14.4.17

Call-Boy – Isa Ishida


La grande tendance de l’univers romanesque contemporain japonais est de nous plonger de préférence dans un monde étrange, toujours en marge, souvent interlope ou aux confins du fantastique.

« Call-Boy » s’inscrit parfaitement dans cette tendance en nous offrant une plongée inédite, surprenante, vertigineuse aussi dans l’immensité, la complexité et la variété que peut revêtir le désir féminin.
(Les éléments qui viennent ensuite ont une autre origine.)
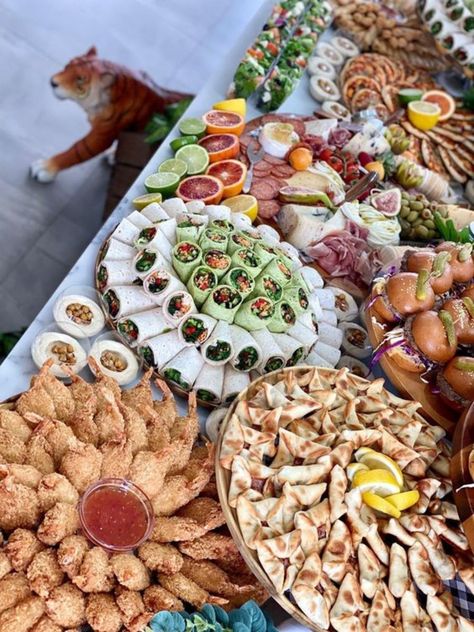 Sandwich Grazing Table Ideas, Wedding Orderves Table, Sandwich Grazing Table, Buffet Style Food Ideas, Snack Party Table, Banquet Food Ideas, Party Appetizer Table, Birthday Buffet Ideas Food, Finger Food Table Ideas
Depuis que, petit garçon encore, Ryô a perdu sa mère, brutalement décédée d’un arrêt cardiaque, il semble s’être déconnecté du monde réel et se laisser quelque peu porter par les évènements. Inscrit à l’université à Tokyo, il n’en suit jamais les cours qui l’ennuient, grâce à une amie en récupèrent le contenu qu’il ne consulte que rarement, consacrant l’essentiel de son temps à procrastiner la journée et, surtout, travailler comme barman la nuit.

C’est au comptoir du bar qu’il va faire la rencontre d’une femme, Madame Midoh, que lui présente un ami et qui lui offre de travailler pour elle comme prostitué de luxe. Une offre inattendue pour un jeune homme que les femmes ennuient, qui considère le sexe plus comme une activité sportive que comme un plaisir, qui ne sort quasiment pas. Après un test de passage aussi fascinant que perturbant, Ryô voit sa vie transformée du tout au tout.
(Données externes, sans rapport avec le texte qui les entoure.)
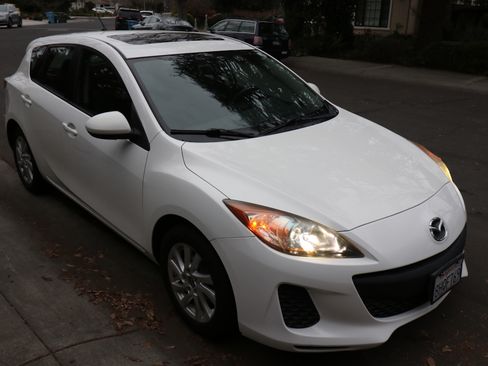 Used 2013 MAZDA MAZDA3 i Touring image 5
Lui que le rapport aux femmes angoissait, toujours marqué par la perte subite de sa mère, va rapidement devenir l’un des prostitués les plus demandés d’une clientèle de luxe prête à débourser des fortunes pour s’offrir les services d’un jeune homme capable d’assouvir leurs fantasmes avoués ou inavoués. Ce n’est pas tant le physique, certes avenant, de Ryô qui fait son succès mais sa capacité d’écoute, sa tolérance totale face aux demandes et aux situations qu’il rencontre, son absence de jugement face à des femmes de tous âges célibataires, mariées, veuves qui ont besoin d’un vecteur externe pour déclencher en elles des réactions psychologiques et physiques le plus souvent extrêmes qu’une relation normale, usée par la répétition, ne saurait offrir.

Plus les rencontres se multiplient, plus Ryô développe une sorte d’approche philosophique visant à explorer le désir féminin, à le comprendre, à le décoder pour mieux le provoquer et en repousser les limites. Un talent qui ne pourra véritablement éclore qu’après une expérience SM homosexuelle des plus troublantes et qui fera sauter un ultime verrou.
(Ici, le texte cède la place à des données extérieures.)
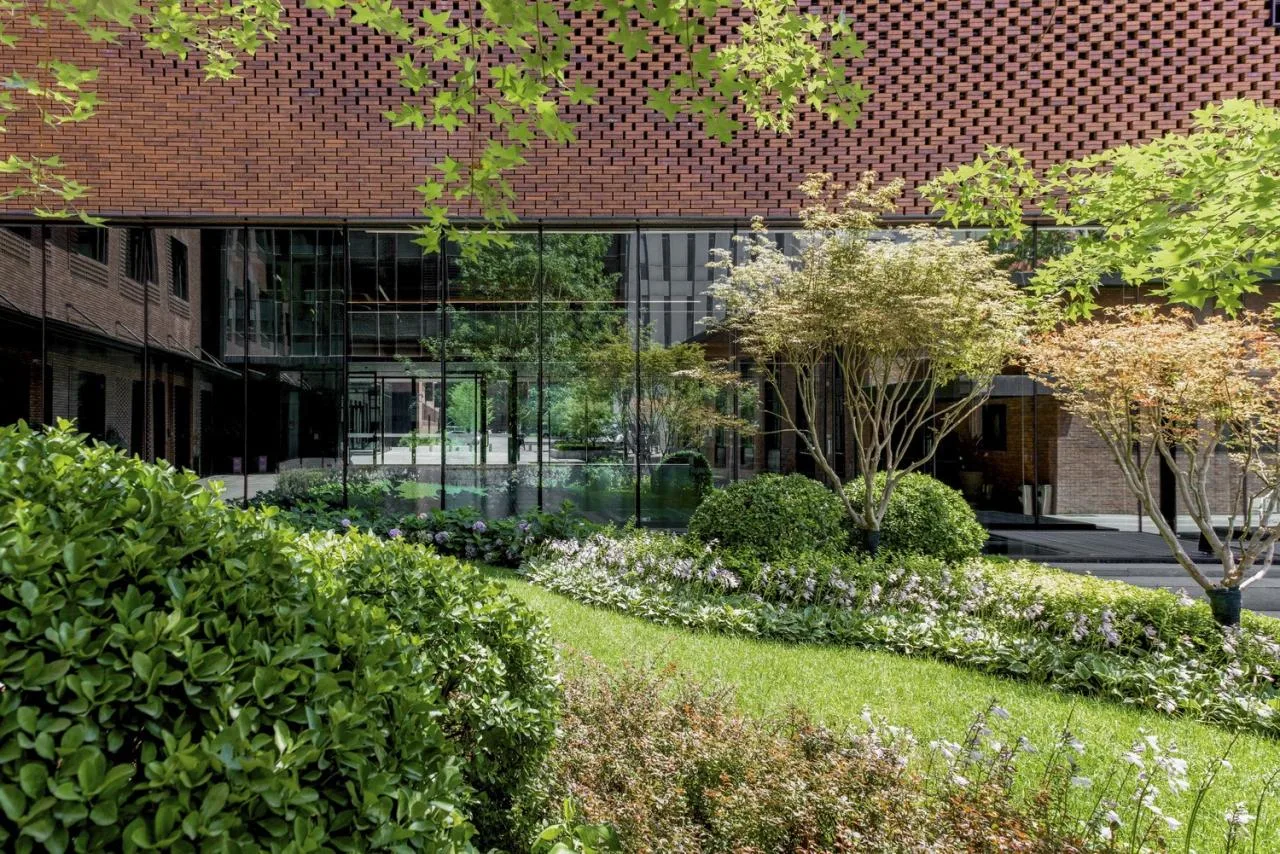 BIM architecture | A memory iteration on the moat: headquarters office building update/Beijing Urban Construction Design and Development Group Co., Ltd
Eteint, terne, inexistant avant, Ryô apprend à devenir humain et trouve sa place dans la société grâce à cette activité occulte et trouble ; un métier qui apporte du plaisir, de la joie et de l’équilibre lorsqu’il est pratiqué par l’expert en désir féminin qu’il est devenu.

Voici un roman à ne pas mettre entre toutes les mains mais qui interpelle par sa force, son originalité et sa capacité à ne jamais tomber dans le trash ou le sordide en dépit du sujet traité et des scènes relatées par le menu.